---------- RECORDS TO PROCESS

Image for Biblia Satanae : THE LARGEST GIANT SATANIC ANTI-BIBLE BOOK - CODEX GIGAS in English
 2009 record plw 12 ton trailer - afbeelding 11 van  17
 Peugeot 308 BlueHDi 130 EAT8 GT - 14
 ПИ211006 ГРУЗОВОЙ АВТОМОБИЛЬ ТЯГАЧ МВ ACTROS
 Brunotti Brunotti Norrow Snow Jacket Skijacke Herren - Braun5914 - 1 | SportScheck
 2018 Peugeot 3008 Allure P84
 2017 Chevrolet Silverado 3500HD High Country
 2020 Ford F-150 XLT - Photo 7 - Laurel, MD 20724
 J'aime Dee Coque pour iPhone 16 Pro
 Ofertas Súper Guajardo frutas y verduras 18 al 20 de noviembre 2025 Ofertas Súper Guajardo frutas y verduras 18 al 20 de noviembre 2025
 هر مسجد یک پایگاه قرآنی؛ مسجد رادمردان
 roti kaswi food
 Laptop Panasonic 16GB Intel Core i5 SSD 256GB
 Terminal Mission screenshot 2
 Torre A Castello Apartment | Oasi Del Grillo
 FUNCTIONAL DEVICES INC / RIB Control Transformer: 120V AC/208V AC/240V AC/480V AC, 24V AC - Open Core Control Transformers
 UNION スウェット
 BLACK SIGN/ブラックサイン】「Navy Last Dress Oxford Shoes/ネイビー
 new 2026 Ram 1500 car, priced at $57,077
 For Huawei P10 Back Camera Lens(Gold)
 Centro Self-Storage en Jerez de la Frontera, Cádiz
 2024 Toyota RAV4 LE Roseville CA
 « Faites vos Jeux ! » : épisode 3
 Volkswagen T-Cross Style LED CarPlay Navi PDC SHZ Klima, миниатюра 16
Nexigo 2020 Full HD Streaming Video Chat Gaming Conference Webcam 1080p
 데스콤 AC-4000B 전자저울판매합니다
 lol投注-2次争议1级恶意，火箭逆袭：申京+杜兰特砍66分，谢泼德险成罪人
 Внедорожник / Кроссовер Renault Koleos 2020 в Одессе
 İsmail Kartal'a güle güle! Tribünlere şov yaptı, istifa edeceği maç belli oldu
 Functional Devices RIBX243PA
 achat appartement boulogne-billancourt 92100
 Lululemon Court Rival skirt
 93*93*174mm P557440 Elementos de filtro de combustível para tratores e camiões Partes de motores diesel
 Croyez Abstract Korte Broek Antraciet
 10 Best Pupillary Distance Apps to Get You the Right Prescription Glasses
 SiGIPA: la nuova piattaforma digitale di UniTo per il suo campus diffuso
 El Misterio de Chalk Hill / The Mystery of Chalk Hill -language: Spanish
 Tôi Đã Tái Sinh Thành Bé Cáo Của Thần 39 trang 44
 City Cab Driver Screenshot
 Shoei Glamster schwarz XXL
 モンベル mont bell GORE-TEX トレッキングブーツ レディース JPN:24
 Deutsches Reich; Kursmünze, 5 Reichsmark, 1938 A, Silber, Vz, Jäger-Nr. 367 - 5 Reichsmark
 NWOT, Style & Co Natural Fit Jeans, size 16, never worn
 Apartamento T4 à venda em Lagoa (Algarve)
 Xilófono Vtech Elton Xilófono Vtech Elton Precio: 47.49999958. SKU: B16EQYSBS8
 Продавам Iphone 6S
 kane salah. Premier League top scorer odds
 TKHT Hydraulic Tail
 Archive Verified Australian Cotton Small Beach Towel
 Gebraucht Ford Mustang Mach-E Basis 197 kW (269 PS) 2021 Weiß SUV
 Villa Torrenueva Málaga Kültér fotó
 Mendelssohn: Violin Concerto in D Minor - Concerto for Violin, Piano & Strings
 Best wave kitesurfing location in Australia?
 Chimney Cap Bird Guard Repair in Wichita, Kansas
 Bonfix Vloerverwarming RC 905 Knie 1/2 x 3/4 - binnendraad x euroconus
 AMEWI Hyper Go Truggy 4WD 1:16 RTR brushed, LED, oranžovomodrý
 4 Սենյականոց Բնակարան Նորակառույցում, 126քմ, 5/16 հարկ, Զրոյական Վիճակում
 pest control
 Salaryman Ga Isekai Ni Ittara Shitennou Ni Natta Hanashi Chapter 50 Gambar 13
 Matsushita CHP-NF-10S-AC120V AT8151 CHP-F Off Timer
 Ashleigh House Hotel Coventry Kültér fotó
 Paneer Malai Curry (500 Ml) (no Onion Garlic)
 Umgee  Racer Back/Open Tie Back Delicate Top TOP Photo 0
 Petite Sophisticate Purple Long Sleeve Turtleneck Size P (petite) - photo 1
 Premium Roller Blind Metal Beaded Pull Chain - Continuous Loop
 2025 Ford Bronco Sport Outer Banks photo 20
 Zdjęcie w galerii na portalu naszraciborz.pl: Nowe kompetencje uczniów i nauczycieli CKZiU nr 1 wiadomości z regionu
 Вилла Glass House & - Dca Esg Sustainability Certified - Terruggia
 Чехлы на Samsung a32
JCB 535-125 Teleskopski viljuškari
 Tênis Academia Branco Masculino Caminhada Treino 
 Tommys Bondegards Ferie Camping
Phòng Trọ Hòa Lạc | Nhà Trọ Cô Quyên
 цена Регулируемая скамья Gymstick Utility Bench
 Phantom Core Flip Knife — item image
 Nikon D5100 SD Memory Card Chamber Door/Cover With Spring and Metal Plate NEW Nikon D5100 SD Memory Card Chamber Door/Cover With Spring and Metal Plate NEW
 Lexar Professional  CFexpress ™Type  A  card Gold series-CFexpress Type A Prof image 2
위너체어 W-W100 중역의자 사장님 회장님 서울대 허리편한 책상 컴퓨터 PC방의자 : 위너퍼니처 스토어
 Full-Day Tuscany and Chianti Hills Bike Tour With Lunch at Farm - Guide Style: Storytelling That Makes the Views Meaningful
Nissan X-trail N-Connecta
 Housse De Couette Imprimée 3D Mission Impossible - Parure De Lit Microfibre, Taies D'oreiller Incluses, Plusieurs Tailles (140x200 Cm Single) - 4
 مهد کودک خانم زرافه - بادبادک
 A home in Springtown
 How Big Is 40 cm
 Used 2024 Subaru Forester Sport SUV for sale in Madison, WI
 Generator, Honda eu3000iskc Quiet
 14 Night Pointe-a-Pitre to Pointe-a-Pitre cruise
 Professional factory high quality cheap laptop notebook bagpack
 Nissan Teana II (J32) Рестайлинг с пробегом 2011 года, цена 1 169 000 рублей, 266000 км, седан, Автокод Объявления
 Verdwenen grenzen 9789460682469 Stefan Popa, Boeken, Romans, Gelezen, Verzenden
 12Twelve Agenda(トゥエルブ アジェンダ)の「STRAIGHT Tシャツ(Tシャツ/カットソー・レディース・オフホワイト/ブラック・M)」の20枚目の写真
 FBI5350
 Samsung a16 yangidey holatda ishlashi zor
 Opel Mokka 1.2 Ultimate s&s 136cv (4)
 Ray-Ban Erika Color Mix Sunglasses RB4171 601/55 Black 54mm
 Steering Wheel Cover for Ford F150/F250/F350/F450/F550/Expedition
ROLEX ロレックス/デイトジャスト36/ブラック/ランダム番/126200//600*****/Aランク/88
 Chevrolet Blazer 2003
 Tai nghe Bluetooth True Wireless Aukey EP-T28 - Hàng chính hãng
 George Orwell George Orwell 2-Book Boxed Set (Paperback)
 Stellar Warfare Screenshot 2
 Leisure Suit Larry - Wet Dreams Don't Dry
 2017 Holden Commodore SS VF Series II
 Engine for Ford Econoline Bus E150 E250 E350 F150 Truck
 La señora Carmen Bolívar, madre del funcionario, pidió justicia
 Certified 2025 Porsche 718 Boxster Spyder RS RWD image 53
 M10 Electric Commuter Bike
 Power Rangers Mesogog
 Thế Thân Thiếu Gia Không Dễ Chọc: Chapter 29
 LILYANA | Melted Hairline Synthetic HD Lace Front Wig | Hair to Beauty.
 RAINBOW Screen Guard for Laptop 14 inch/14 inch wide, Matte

--------------------

* **AIM OF THE EXERCISE**: In the entries above, find the line with "Чехлы на Samsung a32" and the line with "Samsung a16 yangidey holatda ishlashi zor", then set down exactly those two and every line between them, nothing else.

* **RESULT FOR THIS EXERCISE**:
 Чехлы на Samsung a32
JCB 535-125 Teleskopski viljuškari
 Tênis Academia Branco Masculino Caminhada Treino 
 Tommys Bondegards Ferie Camping
Phòng Trọ Hòa Lạc | Nhà Trọ Cô Quyên
 цена Регулируемая скамья Gymstick Utility Bench
 Phantom Core Flip Knife — item image
 Nikon D5100 SD Memory Card Chamber Door/Cover With Spring and Metal Plate NEW Nikon D5100 SD Memory Card Chamber Door/Cover With Spring and Metal Plate NEW
 Lexar Professional  CFexpress ™Type  A  card Gold series-CFexpress Type A Prof image 2
위너체어 W-W100 중역의자 사장님 회장님 서울대 허리편한 책상 컴퓨터 PC방의자 : 위너퍼니처 스토어
 Full-Day Tuscany and Chianti Hills Bike Tour With Lunch at Farm - Guide Style: Storytelling That Makes the Views Meaningful
Nissan X-trail N-Connecta
 Housse De Couette Imprimée 3D Mission Impossible - Parure De Lit Microfibre, Taies D'oreiller Incluses, Plusieurs Tailles (140x200 Cm Single) - 4
 مهد کودک خانم زرافه - بادبادک
 A home in Springtown
 How Big Is 40 cm
 Used 2024 Subaru Forester Sport SUV for sale in Madison, WI
 Generator, Honda eu3000iskc Quiet
 14 Night Pointe-a-Pitre to Pointe-a-Pitre cruise
 Professional factory high quality cheap laptop notebook bagpack
 Nissan Teana II (J32) Рестайлинг с пробегом 2011 года, цена 1 169 000 рублей, 266000 км, седан, Автокод Объявления
 Verdwenen grenzen 9789460682469 Stefan Popa, Boeken, Romans, Gelezen, Verzenden
 12Twelve Agenda(トゥエルブ アジェンダ)の「STRAIGHT Tシャツ(Tシャツ/カットソー・レディース・オフホワイト/ブラック・M)」の20枚目の写真
 FBI5350
 Samsung a16 yangidey holatda ishlashi zor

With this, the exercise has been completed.